How to finetune on the "VideoLLaMA2-7B" instead of "VideoLLaMA2-7B-Base"? #51

Closed Zeqing-Wang closed 4 months ago

Zeqing-Wang commented 4 months ago

Thanks for your great work! As far as I understand, the script under the "custom" folder is used to fine-tune the base model, without the fine-tuning on the instruct-tuning datasets. What should I do to continue to finetune the model on my own dataset based on the model "VideoLLaMA2-7B"?

Zeqing-Wang commented 4 months ago

Referring to the codes of other projects and my understanding, I directly deleted '--pretrain_mm_mlp_adapter' and replaced model_name_or_path with 'VideoLLaMA2-7B'. But I'm not sure if this is correct for VideoLLaMA2.
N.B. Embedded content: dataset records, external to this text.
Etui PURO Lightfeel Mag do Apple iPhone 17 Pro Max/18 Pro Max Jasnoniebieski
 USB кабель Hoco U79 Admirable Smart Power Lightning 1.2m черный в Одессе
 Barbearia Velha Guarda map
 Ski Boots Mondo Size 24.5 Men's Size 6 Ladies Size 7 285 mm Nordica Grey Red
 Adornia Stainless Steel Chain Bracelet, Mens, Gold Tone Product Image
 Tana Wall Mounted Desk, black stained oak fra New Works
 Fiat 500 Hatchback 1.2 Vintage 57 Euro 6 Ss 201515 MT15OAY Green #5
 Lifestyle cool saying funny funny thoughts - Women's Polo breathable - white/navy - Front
lixin4ever commented 4 months ago

Hi, thanks for your interest.

According to this line, you can specify --output_dir with your local ${OUTPUT_DIR} and place the weights of VideoLLaMA2-7B to ${OUTPUT_DIR}/checkpoint-0 (just like you resume training from VideoLLaMA2-7B). This is the easiest way I can come up with to achieve what you said without any code change but you better check if the learning rate scheduler works as expected.

clownrat6 commented 4 months ago

Referring to the codes of other projects and my understanding, I directly deleted '--pretrain_mm_mlp_adapter' and replaced model_name_or_path with 'VideoLLaMA2-7B'. But I'm not sure if this is correct for VideoLLaMA2.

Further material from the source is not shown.